Written by Tracey Walker
Source: Managed Healthcare Executive
FDA’s approval of Vertex Pharmaceutical’s groundbreaking lumacaftor/ivacaftor (Orkambi) for cystic fibrosis (CF) is the first drug to treat the underlying cause of CF in people ages 12 and older with two copies of the F508del mutation.
CF is an inherited chronic disease that affects the lungs and digestive system. It affects about 30,000 children and adults in the U.S., according to the Cystic Fibrosis Foundation.
“Mucus becomes extremely thick and viscous in the lungs of people diagnosed with CF, which can result in infections, airway blockages and difficulty breathing,” says Barbara Gilmore, Frost & Sullivan’s Healthcare & Life Sciences senior industry analyst. “CF is a disease that worsens over time requiring more intense treatment as a patient’s disease progresses.”
As of August 2015, there were more than 30 drugs indicated for the treatment of CF in clinical trials in the U.S., and several more are in this pipeline.
The safety and efficacy of Orkambi was studied in two double-blind, placebo-controlled clinical trials of 1,108 participants with CF patients ages 12 and older with the F508del mutation. In both studies, participants who took Orkambi demonstrated improved lung function compared to those who took placebo.
Orkambi is estimated to be useful in 50% of all CF patients, according to Michael J. Sax, PharmD, president, The Pharmacy Group LLC.
Orkambi is priced at $259,000 per year, lower than ivacaftor (Kalydeco, Vertex)which is used to treat a rare form of CF in patients ages six and older who have the specific G551D mutation.
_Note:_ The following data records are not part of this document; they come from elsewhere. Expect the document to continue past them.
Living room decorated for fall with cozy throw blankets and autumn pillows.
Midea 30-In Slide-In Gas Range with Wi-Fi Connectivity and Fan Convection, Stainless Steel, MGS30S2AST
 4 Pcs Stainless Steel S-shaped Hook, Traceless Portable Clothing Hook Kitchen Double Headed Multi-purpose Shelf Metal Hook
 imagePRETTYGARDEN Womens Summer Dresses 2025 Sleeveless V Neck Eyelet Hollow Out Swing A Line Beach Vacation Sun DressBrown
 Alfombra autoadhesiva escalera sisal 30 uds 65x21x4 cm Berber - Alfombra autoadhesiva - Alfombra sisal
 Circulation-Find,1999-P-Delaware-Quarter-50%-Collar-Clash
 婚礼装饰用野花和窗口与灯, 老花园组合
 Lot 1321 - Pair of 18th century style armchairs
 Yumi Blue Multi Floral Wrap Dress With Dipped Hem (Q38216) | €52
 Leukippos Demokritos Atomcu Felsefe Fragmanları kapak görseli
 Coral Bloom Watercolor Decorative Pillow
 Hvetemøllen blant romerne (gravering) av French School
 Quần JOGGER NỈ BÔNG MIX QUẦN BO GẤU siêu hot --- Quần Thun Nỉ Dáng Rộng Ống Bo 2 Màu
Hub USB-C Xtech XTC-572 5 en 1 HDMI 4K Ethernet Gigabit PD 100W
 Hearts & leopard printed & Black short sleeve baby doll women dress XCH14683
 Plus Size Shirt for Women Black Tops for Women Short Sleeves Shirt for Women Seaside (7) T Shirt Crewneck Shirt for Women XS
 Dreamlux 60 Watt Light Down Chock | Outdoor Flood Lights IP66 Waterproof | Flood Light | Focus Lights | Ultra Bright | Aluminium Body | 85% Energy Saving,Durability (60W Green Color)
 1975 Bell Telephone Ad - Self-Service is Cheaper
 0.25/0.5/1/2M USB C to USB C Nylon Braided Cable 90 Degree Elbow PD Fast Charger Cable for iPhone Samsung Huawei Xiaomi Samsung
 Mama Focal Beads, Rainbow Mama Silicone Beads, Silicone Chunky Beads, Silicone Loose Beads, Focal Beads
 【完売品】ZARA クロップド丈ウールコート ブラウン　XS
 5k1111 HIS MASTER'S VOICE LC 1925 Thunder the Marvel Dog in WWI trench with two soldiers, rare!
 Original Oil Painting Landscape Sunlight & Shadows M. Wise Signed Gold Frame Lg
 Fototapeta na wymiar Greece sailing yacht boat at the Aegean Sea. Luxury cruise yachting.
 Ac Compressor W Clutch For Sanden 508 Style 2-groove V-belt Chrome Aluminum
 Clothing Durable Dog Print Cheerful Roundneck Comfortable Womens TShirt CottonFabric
Kalydeco, one of the two compounds used in Orkambi, costs around $300,000 per year, but only treat approximately 4% of the total patients.
Despite the lower cost, Orkambi could have a greater financial impact because it could benefit more patients, according to Sax. “Also, the new combination will most likely be taken in addition to other standard therapies and cause an additional expense.”
Mark Ginestro, a principal at KPMG Strategy, likens the impact of the new drug to other new drugs that treat rare disorders. “ … The development costs of the drugs cannot be spread to a broad population, but address an unmet medical need—improving lung function in CF patients,” Ginestro says.
Orkambi is less effective than Kalydeco in improving lung function, meaning it may have less value in the eyes of the payer, according to Sax.
“Since Orkambi only offered a small improvement in lung function and did not compare as favorably when it came to decreasing hospitalizations or infections, payers will likely require lung function or other tests to approve therapy,” he says. “They may limit their exposure by restricting usage, rather than fight the price. If there is no improvement, then I believe the payer will require special authorizations or exceptions to continue paying for it.”
Public payers may be more affected, according to Sax. “Analysts estimate that Medicaid patients are likely to account for a greater portion of Orkambi patients—an estimated 35% to 40%. However, the exact potential cost exposure on the payer will relate to the CF population according to which genetic mutation their patients suffer from,” he says.